I'm not OP, but there's a few rules being broken there that I can think of:
- At the end of the trick, there's a reveal that wraps things up. In the case of escapes, it would be showing the magician safe and not actually drowned or eaten by sharks, etc.
- The "volunteer" is just there to be a surrogate for the audience, to verify some things, they're not _really_ involved in the trick
- You must hide that the volunteer is a plant when they are (they're not always). They couldn't do a lot of that stuff to some random person, so this rule is broken.
- The magician would generally not talk about eg how Houdini would have done that trick (even if I think they're intentionally mis-stating how Houdini would have done it, for most tricks there'd be absolutely no reason to use picks, you'd use a key or a faked lock or a faked locking mechanism, because why not).
It's an anti-trick because they're doing everything the wrong way around. The volunteer is the one that does the dangerous part, the magician isn't doing anything, the volunteer is obviously not a volunteer, the "trick" doesn't actually visibly show anything magical happening (visually, you just watched a murder essentially, no escape ... you only know it's an escape because they _probably_ didn't really just murder somebody for a show), and they "told" you how the trick was being done.
All against the basic rules of magic. Perfect for Penn and Teller, they love playing meta games and having fun with the rules of magic.
True, but in classical magic you should hide that fact as much as possible. They're intentionally drawing attention to it, if only over time (and you could still miss it if you're not thinking about it, so maybe I shouldn't use the word "obviously", depends on the audience I suppose).
edit: a more serious answer is that this is an escape trick, and generally when you do an escape trick:
1) The magician is doing the escaping
2) You _show the escape_
In this case, the volunteer is basically just shoved into the water and (presumably) drowns.
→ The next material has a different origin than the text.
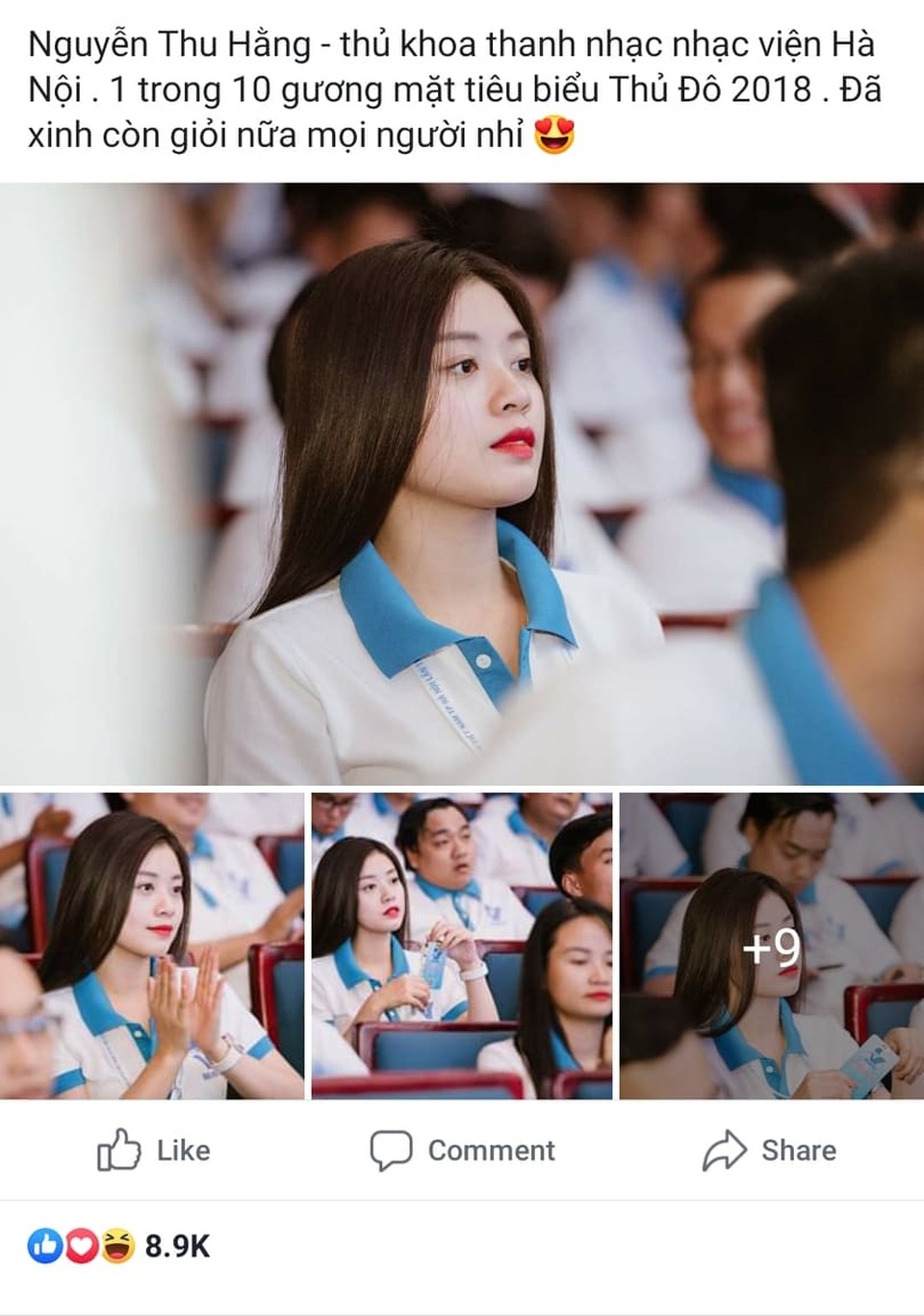 Hot girl Sao mai lại gây thương nhớ trong trang phục Đoàn viên - 1 Hot girl Sao mai lại gây thương nhớ trong trang phục Đoàn viên - 1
The audience is left to _infer_ that there was an escape, if they choose to, or I guess they could infer that Penn and Teller are cold blooded murderers and got away with it. Either inference would be quite the good trick.
https://youtu.be/3m8DsQisjXQ?si=4x0Dhrf_2Byg_Bzh&t=958 (16 minutes in).
It breaks a fundamental rule about magic tricks that you probably never even realized was a rule until they fade to black.